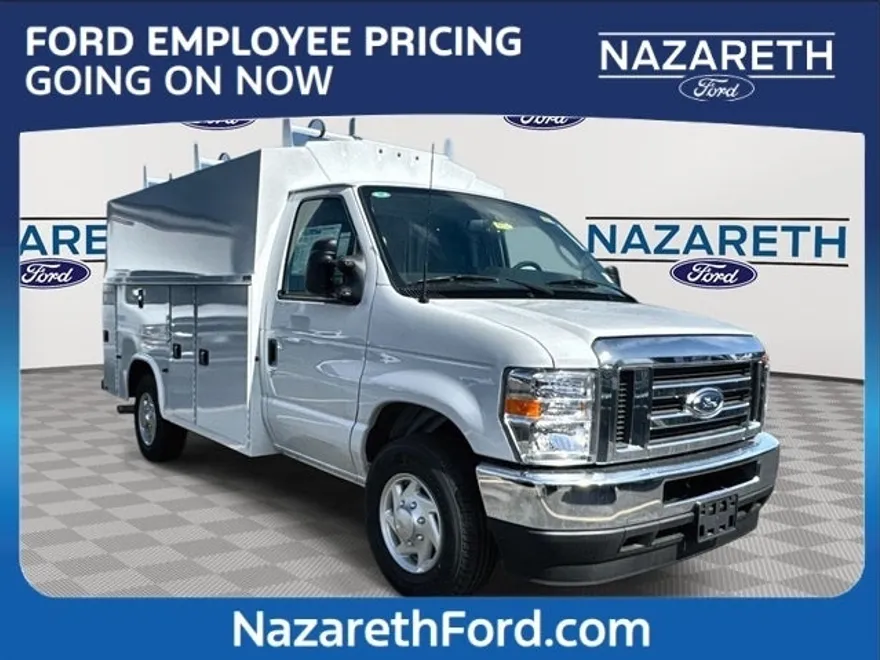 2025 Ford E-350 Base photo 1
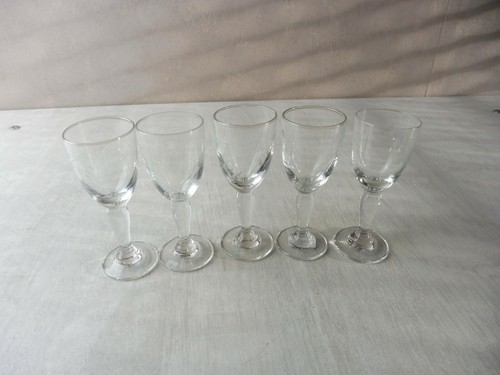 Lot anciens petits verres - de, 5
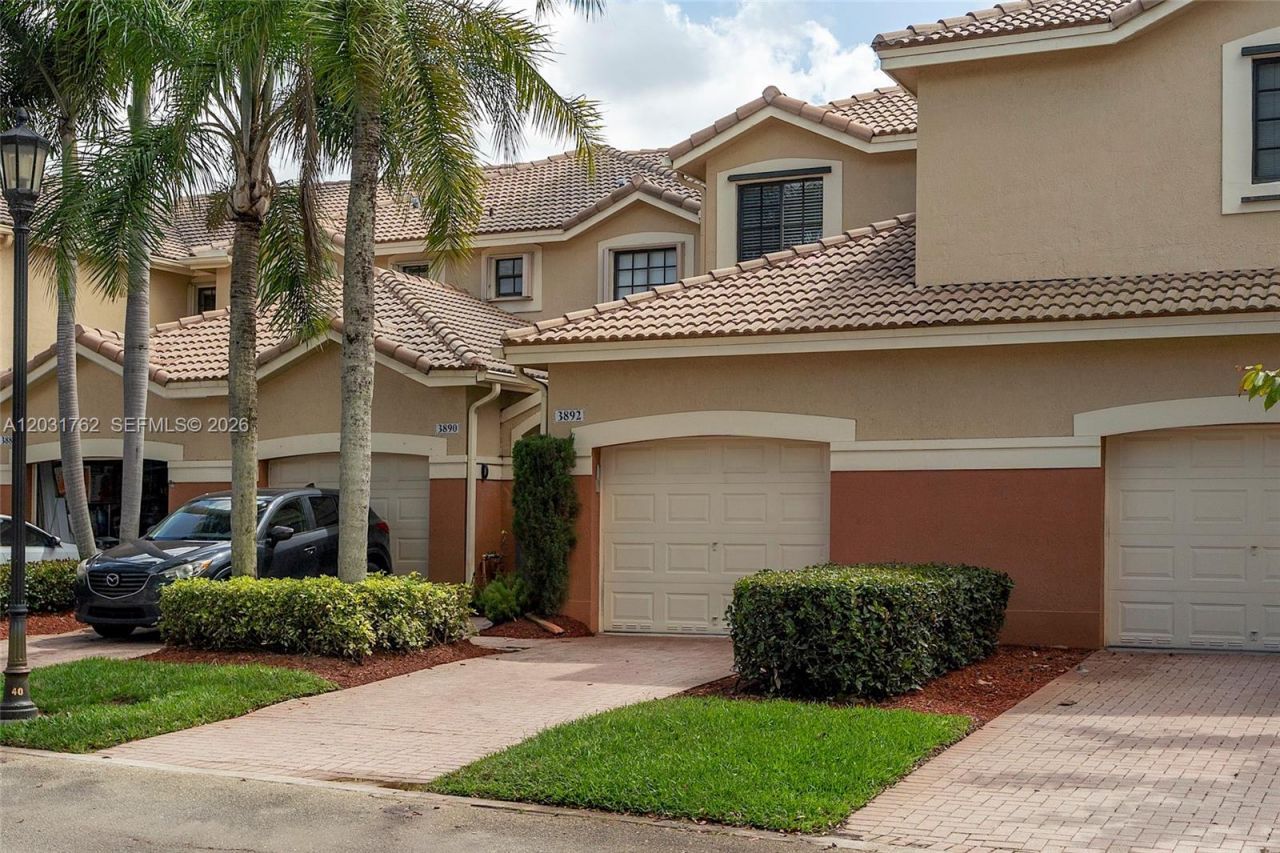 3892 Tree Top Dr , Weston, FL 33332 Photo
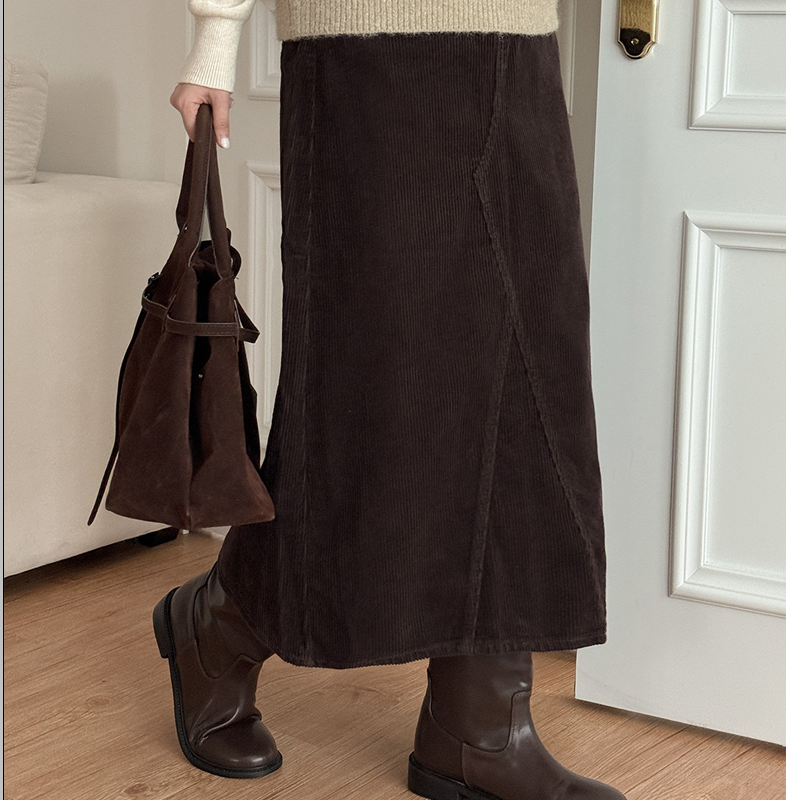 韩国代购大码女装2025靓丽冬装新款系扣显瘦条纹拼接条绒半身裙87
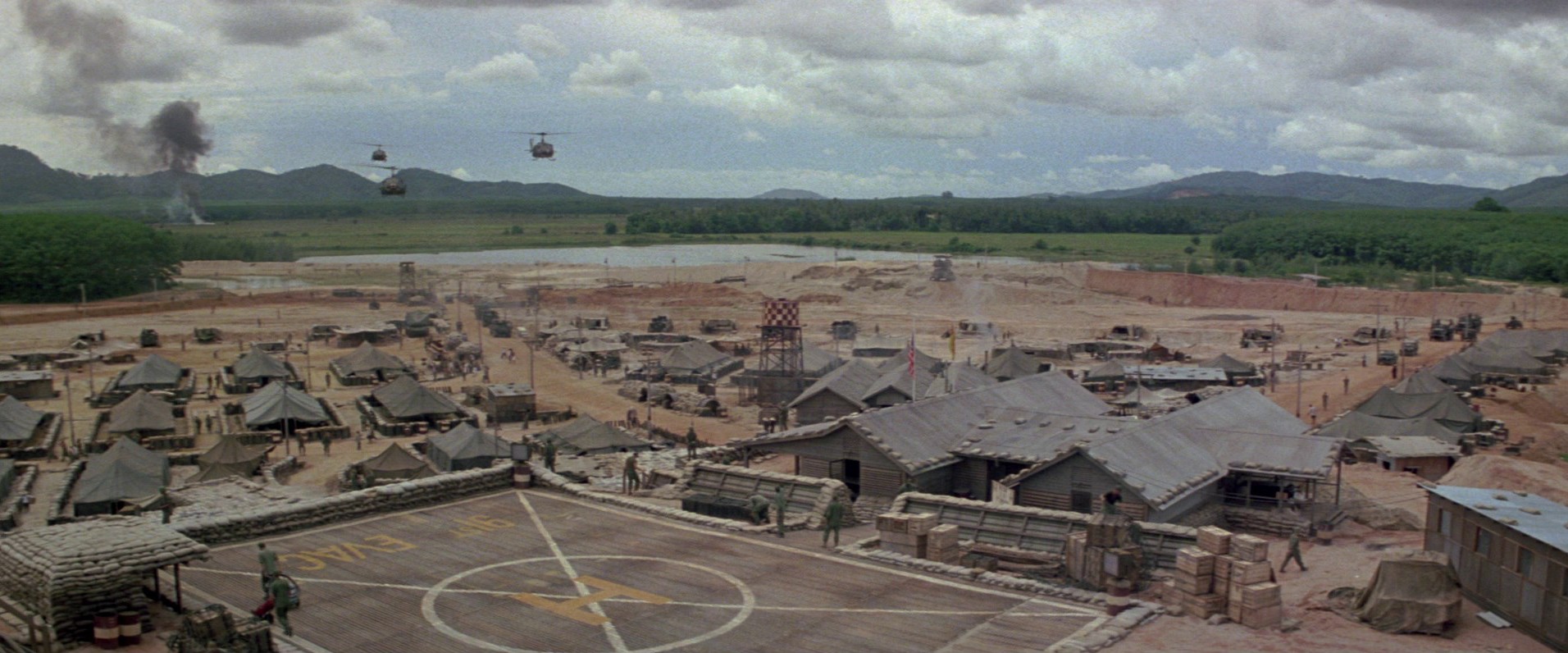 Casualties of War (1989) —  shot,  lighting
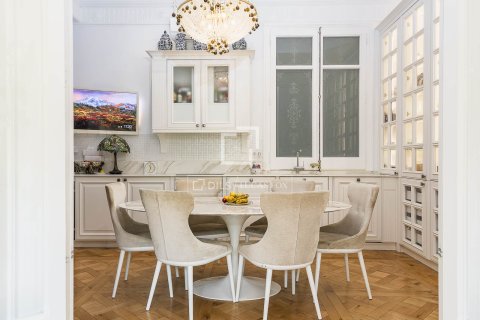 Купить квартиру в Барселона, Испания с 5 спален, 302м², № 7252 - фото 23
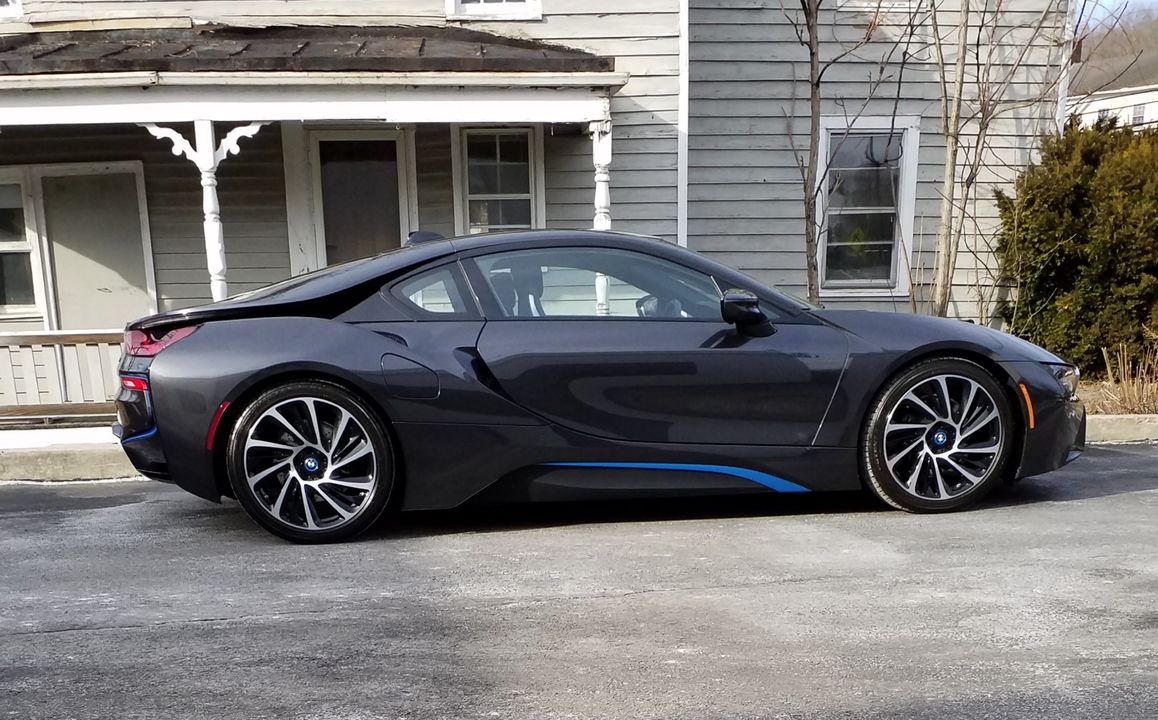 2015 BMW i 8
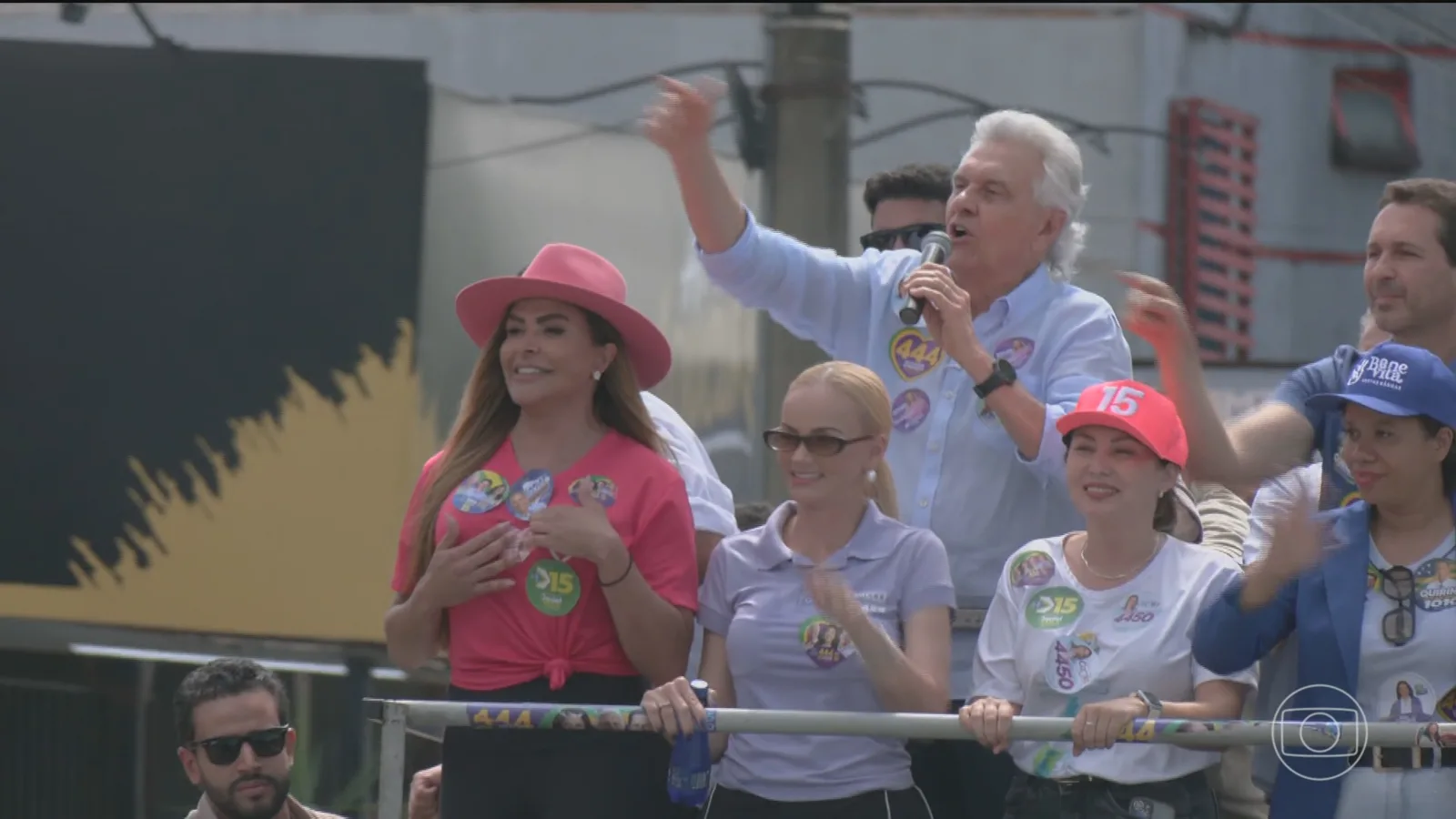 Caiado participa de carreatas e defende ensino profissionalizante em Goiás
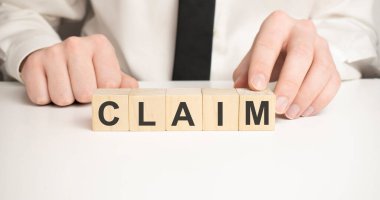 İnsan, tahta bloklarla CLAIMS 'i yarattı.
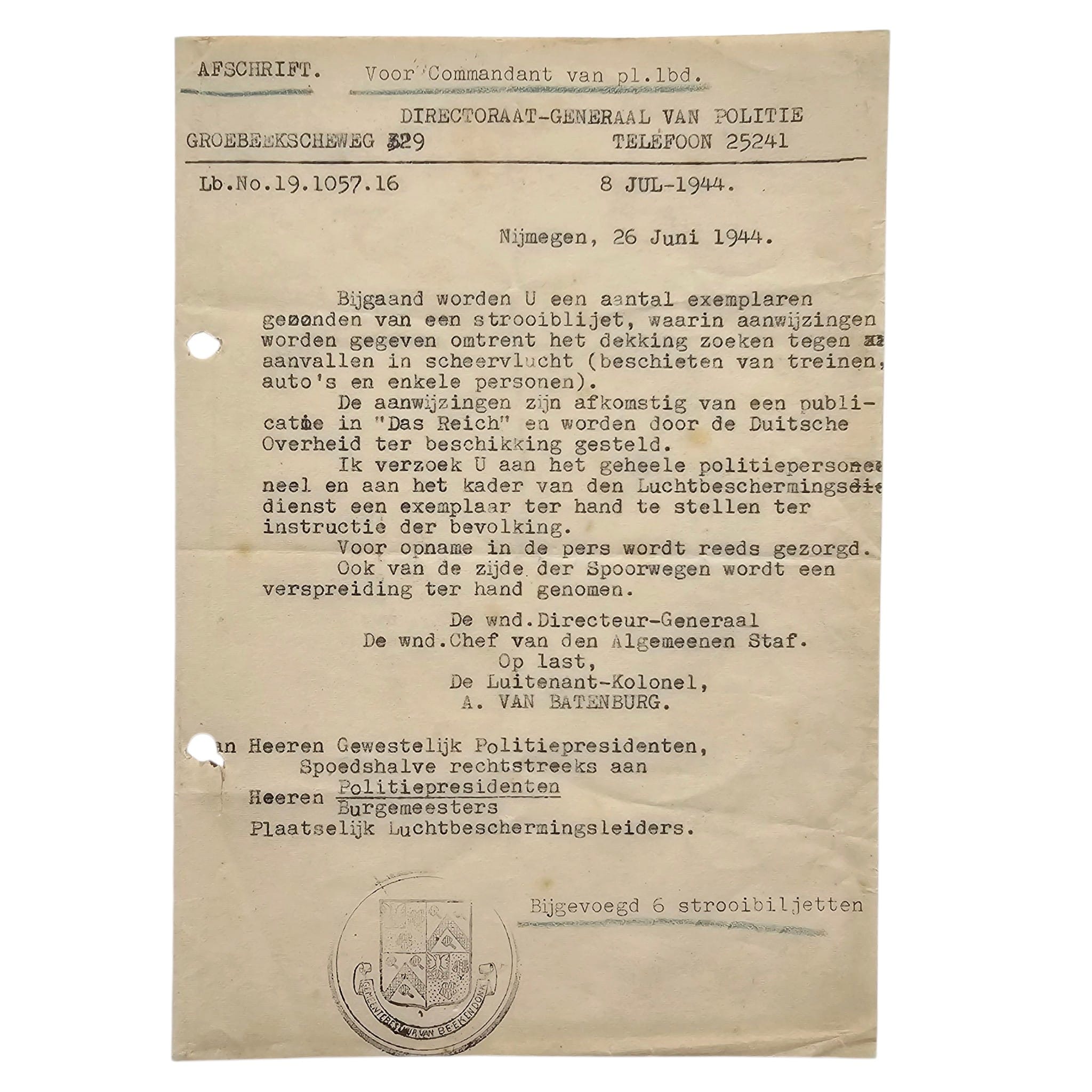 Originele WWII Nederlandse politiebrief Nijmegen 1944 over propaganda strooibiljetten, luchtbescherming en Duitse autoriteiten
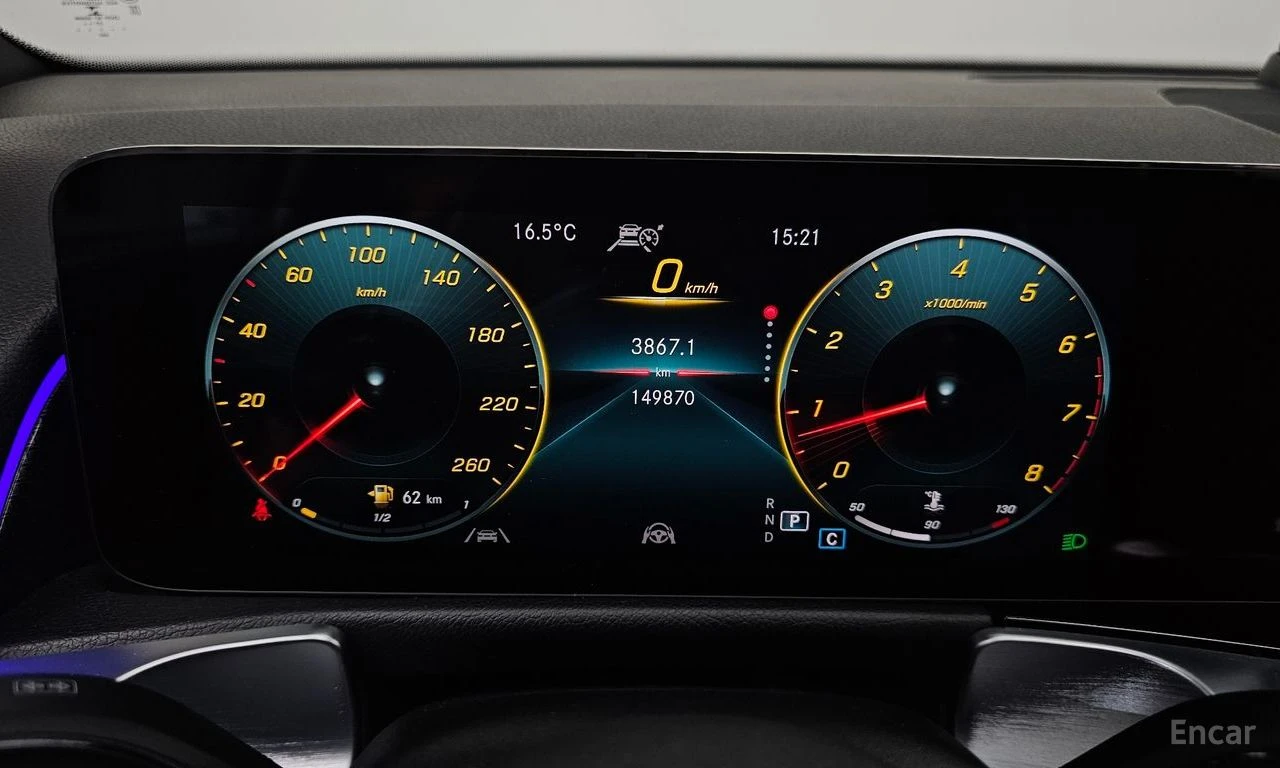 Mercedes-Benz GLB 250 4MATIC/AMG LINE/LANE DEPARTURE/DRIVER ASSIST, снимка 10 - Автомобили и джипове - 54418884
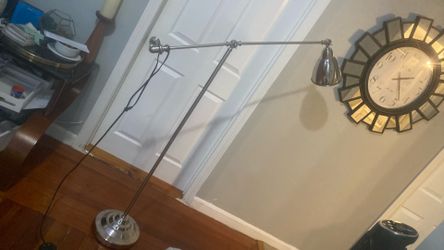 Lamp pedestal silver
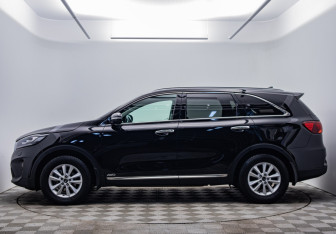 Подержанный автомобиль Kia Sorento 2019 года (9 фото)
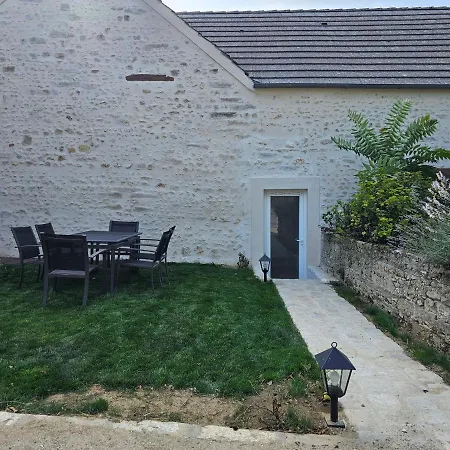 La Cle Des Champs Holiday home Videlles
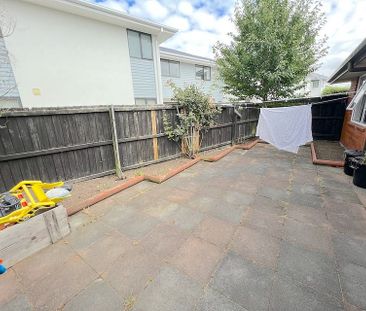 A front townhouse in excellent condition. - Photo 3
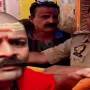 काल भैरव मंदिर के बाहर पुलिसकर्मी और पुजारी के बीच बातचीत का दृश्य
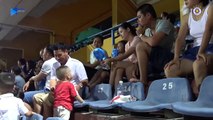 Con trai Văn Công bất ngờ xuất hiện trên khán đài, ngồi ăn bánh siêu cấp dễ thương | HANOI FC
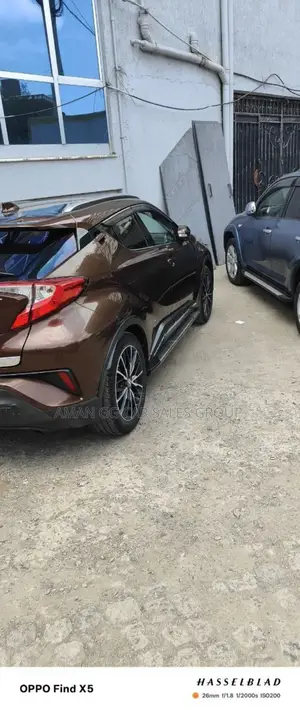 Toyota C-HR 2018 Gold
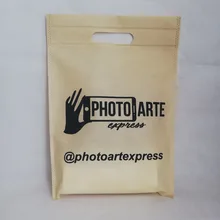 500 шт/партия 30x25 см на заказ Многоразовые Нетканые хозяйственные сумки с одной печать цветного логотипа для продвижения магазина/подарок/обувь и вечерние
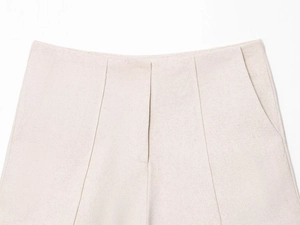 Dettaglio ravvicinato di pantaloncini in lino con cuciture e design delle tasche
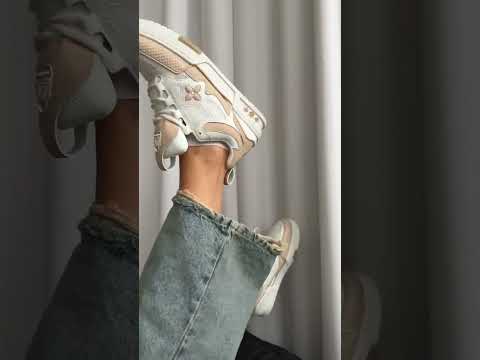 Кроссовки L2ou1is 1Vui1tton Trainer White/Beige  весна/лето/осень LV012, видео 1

> [Work item]
What is needed is an exact copy of the lines above, from the one holding "Casualties of War" down to the one holding "İnsan, tahta bloklarla CLAIMS 'i yarattı.", with those two included and the pictures left out.

> [Result of the task]
 Casualties of War (1989) —  shot,  lighting
 Купить квартиру в Барселона, Испания с 5 спален, 302м², № 7252 - фото 23
 2015 BMW i 8
 Caiado participa de carreatas e defende ensino profissionalizante em Goiás
 İnsan, tahta bloklarla CLAIMS 'i yarattı.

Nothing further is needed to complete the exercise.